Business executives have increased expectations for IT, says Codack, driven largely by the value they've reaped from technology at home. "There's been a rapid onslaught of technology that provides real value for them in their personal lives," Codack says. If IT doesn't provide similar value at work, they won't hesitate to look elsewhere for it. "We can't be naïve and say we're all one team and don't have to define and drive our contribution [to the business]," Codack says. "Everyone spends a fair amount of time [working] to improve gross and margin. You have to defend [IT costs], but it's more about your contribution versus your spend."
The goal is to move toward an "increasingly common vocabulary," says Boocock. Take a seemingly technology-centric decision: when to upgrade an operating system. "In the past, that was purely an IT decision," Boocock says. "But upgrades cost a lot of money and they take resources away from other initiatives.

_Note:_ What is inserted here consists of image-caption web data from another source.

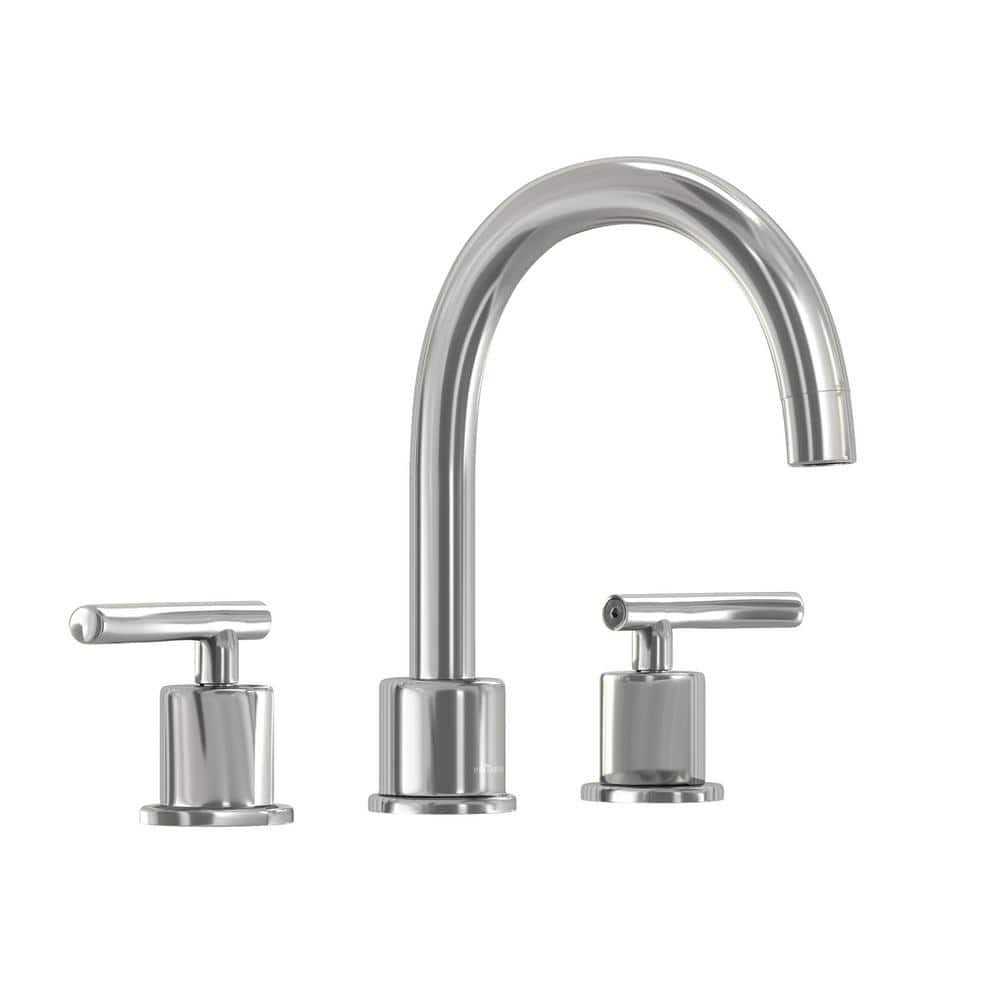 Glacier Bay Dorset 8 in. Widespread 2-Handle High-Arc Bathroom Faucet - Zenithce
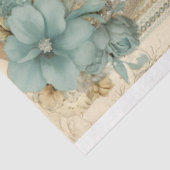 Victoriaans Dragon Series Design 1 Tissuepapier (Detail)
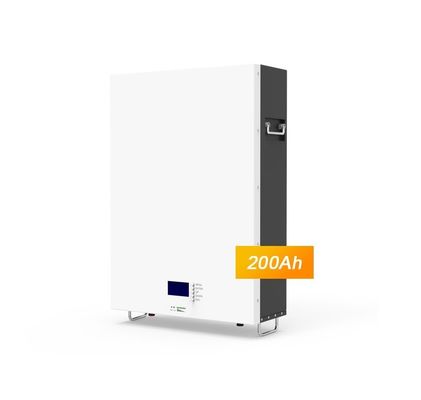 壁掛け用48V 200Ah 10Kwh LiFePO4 太陽電池パック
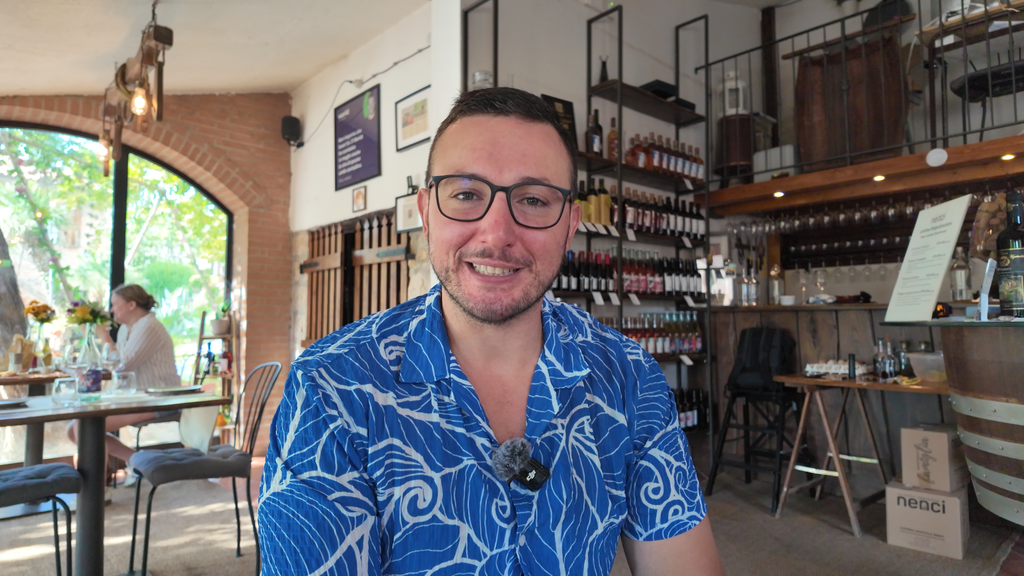 Sr. Paolo Nenci, proprietário da Empresa Agrícola Nenci, localizada na Toscana em Chiusi.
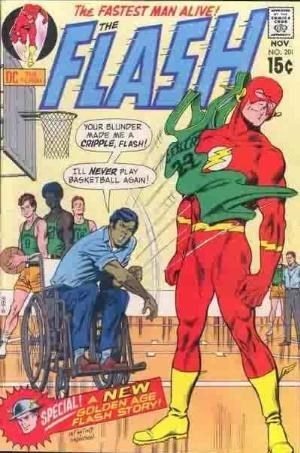 THE FLASH #201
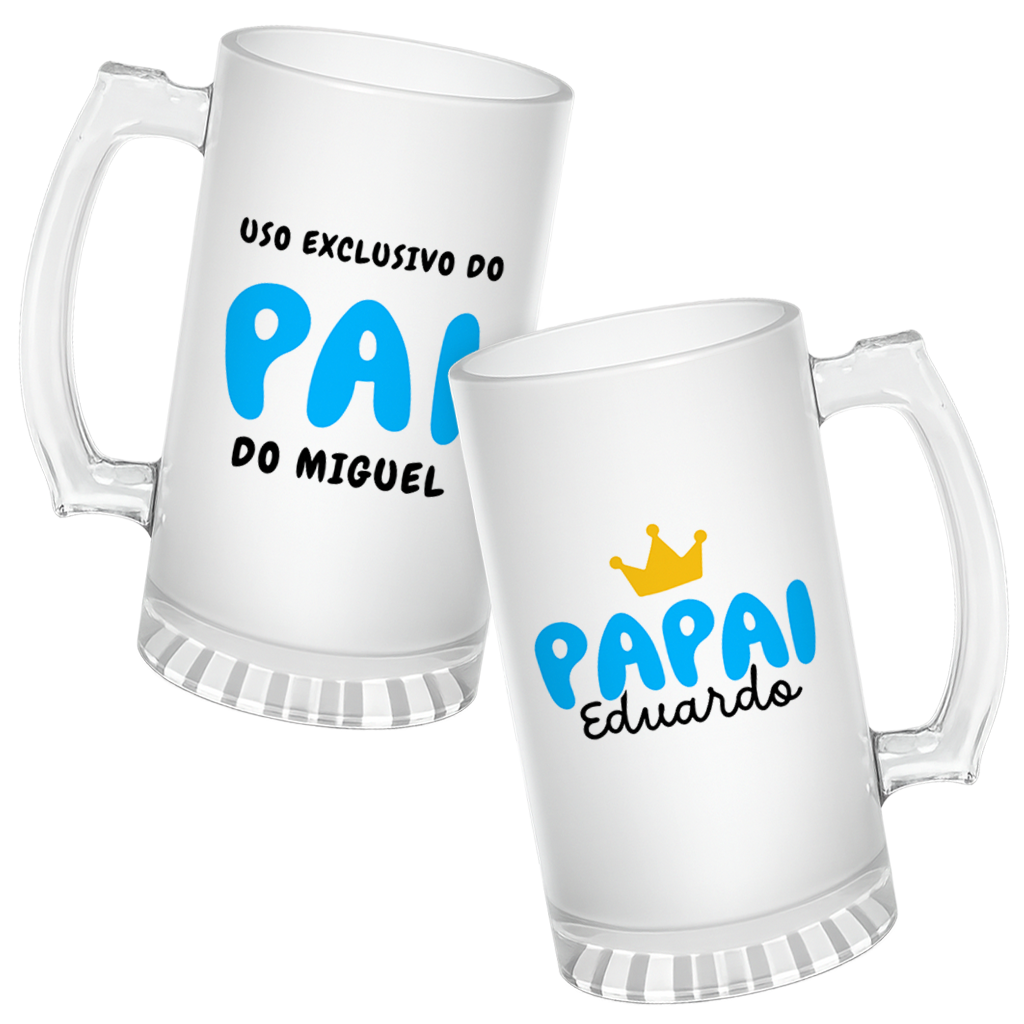 Caneca de Chopp Uso Exclusivo Pai - Imagem 3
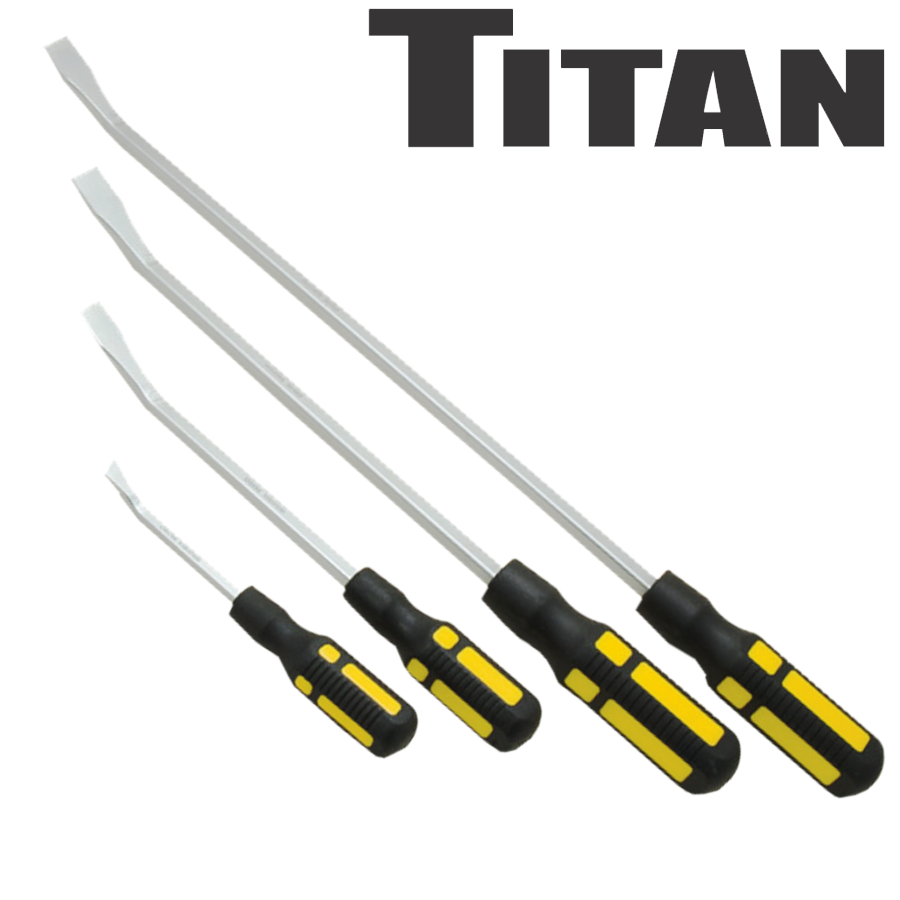 ENS. 4 PCS DE BARRE A LE VIER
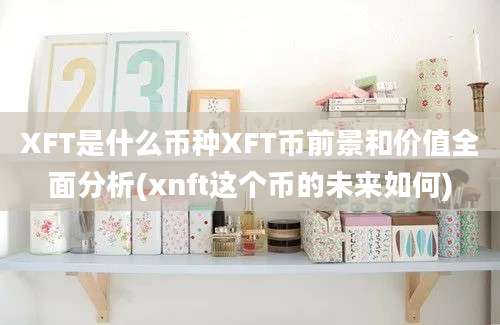 XFT是什么币种XFT币前景和价值全面分析(xnft这个币的未来如何)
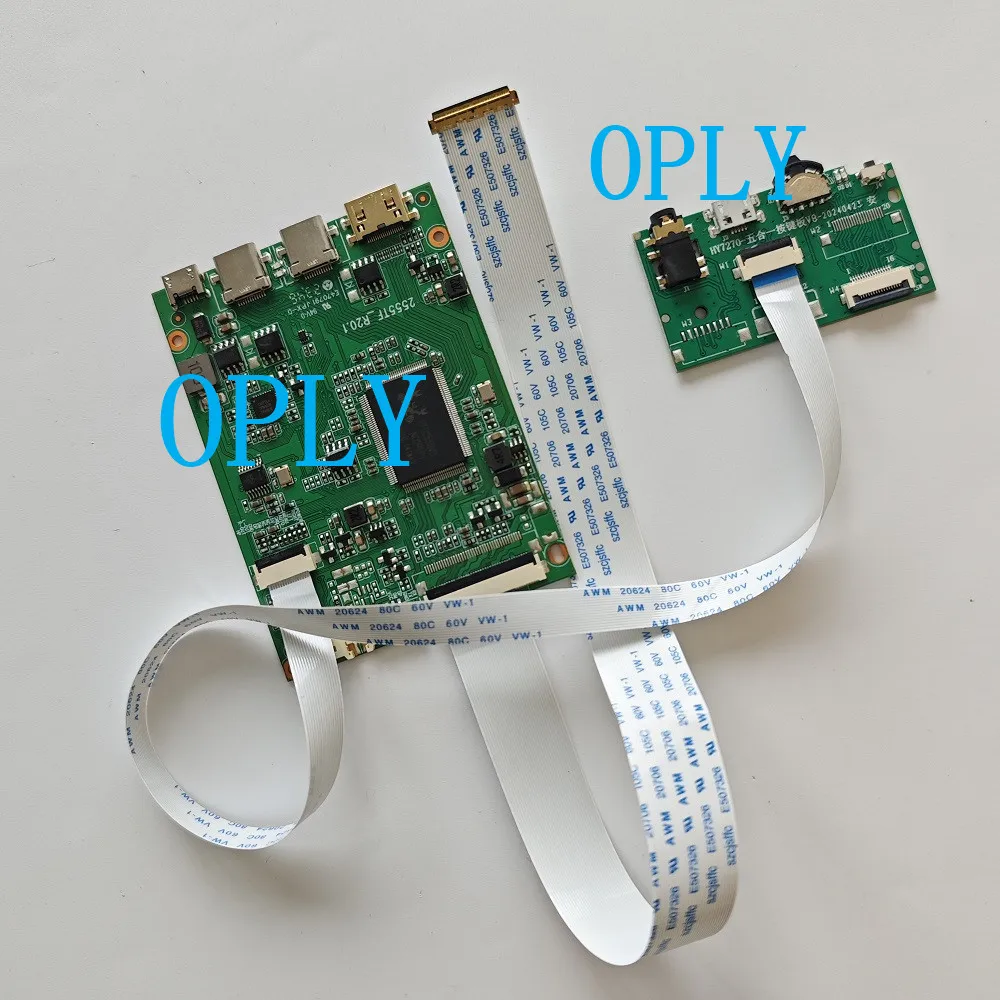 

Для NV160WUM NV160WUM-N47 16 дюймов 1920x1200 комплект светодиодного экрана EDP 2 TYPE C Mini HDMI-совместимая плата контроллера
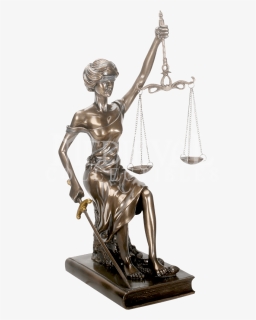 Lady Justice Statue Png - Lady Justice, Transparent Png, Free Download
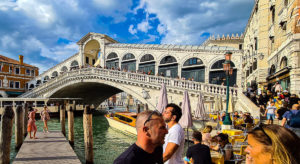 Rialtobrücke in Venedig Sehenswürdigkeiten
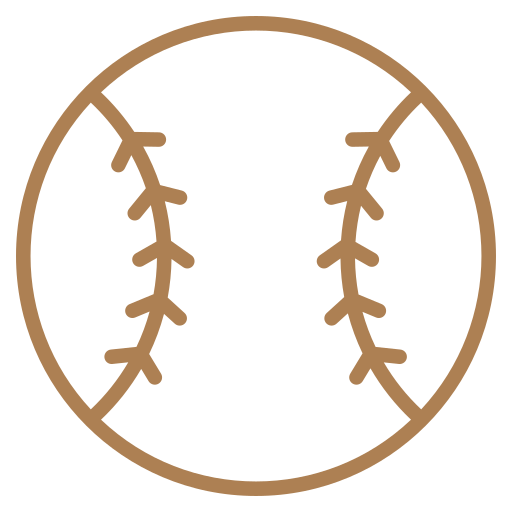 beisebol Generic color outline Ícone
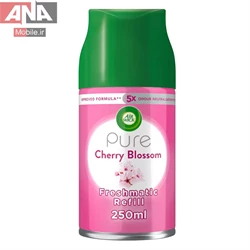 اسپري خوشبوکننده هواي اتوماتيک ايرويک با رايحه شکوفه گيلاس مدل Air Wick Cherry Blossom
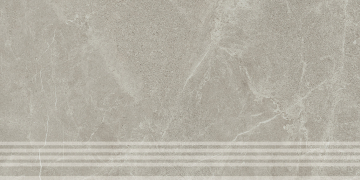 Ступени KM6060G0501RGRF Ступень фронтальная Эстерель серый светлый матовый обрезной 30x60x0,9 Kerama Marazzi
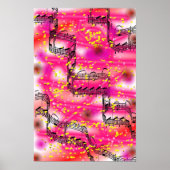 Dandelion Music Poster (Vorne)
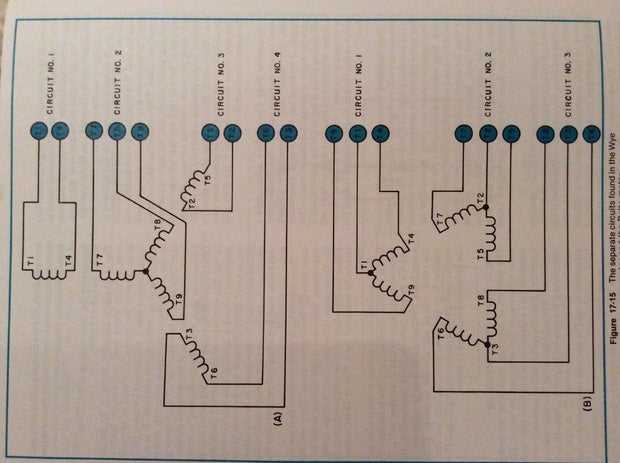 high voltage wiring diagram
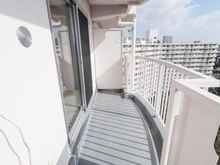 【千葉県/浦安市富岡】サンコーポ浦安 C棟 バルコニー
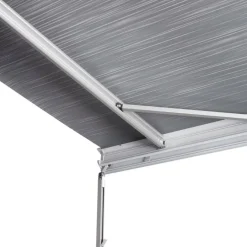 Thule Omnistor 9200 450 x 300 cm cassetteluifel  aluminium - mystic grey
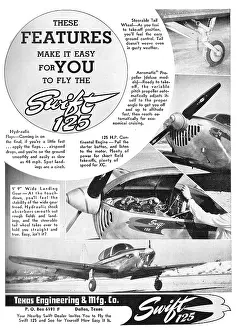 Temco: Temco Swift 125 Aircraft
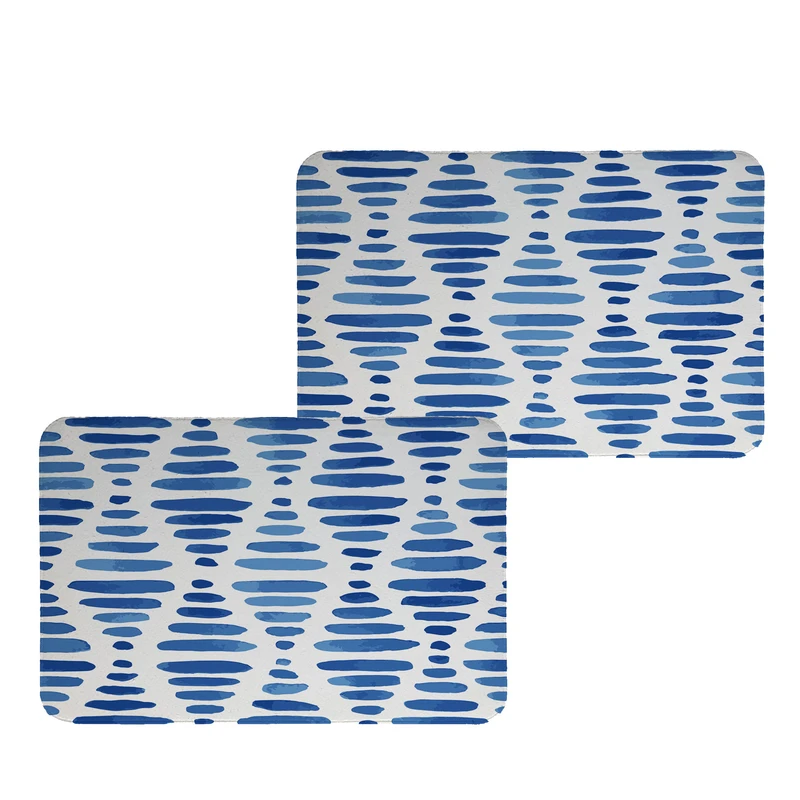 زیربشقابی طرح آبرنگی کد 9211 بسته 2 عددی 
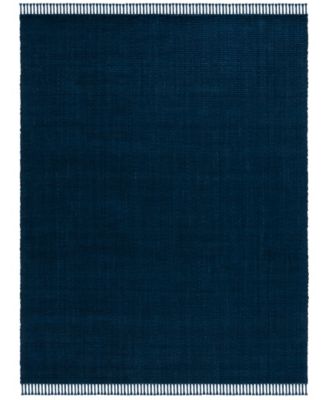 Amalie LRL6350F Navy 8' X 10' Area Rug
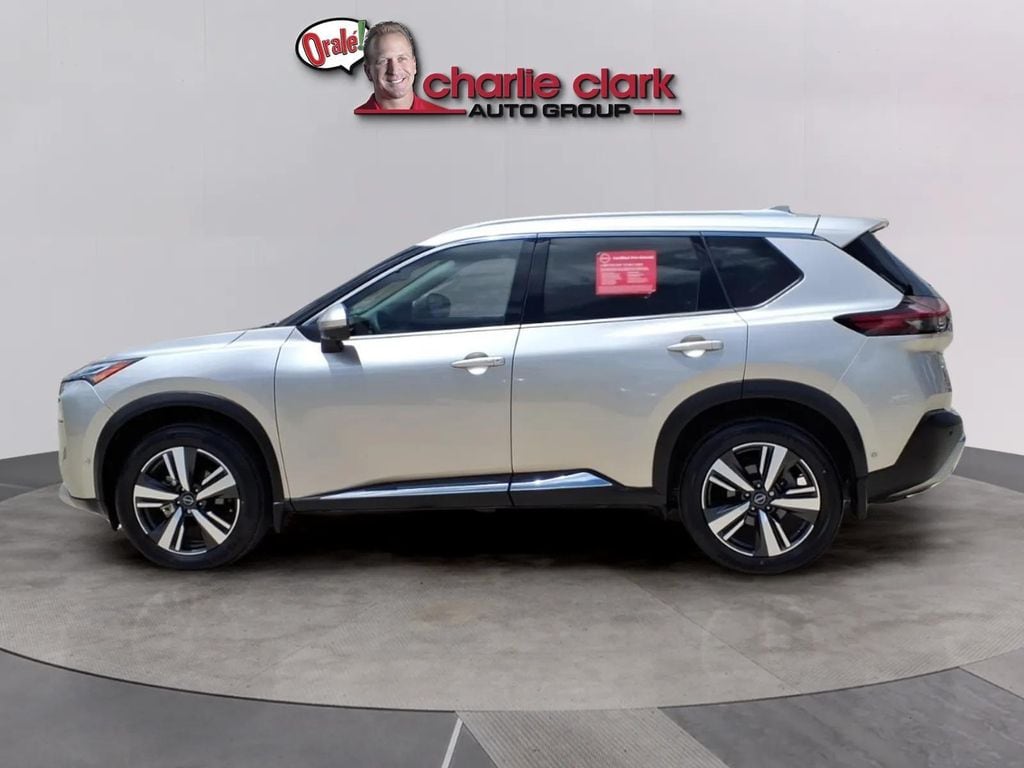 Certified 2023 Nissan Rogue Platinum SUV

It's still my decision to make, but it needs to be framed in business terms." Instead of saying the upgrade needs to happen because the existing version is no longer supported, he explains the increased operating risk that the company will be exposed to and its inability to build new capabilities without the investment.
Or consider the typical infrastructure reliability metric -- 99.9 percent uptime. "We used to celebrate meeting that," says Chevron's Ehrlich. "And while we were celebrating, there was a business leader saying, 'Oh yeah, where were you that Saturday when we couldn't collect credit card payments?'" The old operational measures are necessary, but not sufficient. Chevron IT created a business incident index to track the number of IT service issues that affected business and the impact of each in terms of revenue and reputation. Ask Ehrlich if it was hard to figure out a way to quantify that impact and he lets out a "Heck, yeah!" In a decentralized company with a presence in more than 100 countries, thousands of transactions are taking place every minute. "To get that insight isn't easy, and we've tried a bunch of different things," he says. They ultimately settled on ranges -- low, medium and high -- defined by financial impact.
The farther away an IT investment is from the front lines, the harder it is to frame in business terms. Network assets, for example, could be used in 101 different ways, says Ehrlich. "How do you quantify the business impact of that?" He doesn't. "That's where we've landed," he says. "Some things are just a utility that we run as cost effectively and efficiently as we can." Those investment decisions are still made strategically. They're just tied to IT rather than business strategy.
That's not a bad place to be, says Gartner's Aron. "Treat run-the-business, regulatory or risk investments as a tax -- checking [that] the business is taxed the right amount," he advises. "Treat value-generating, IT-intensive projects like all investments, and optimize based on outcomes."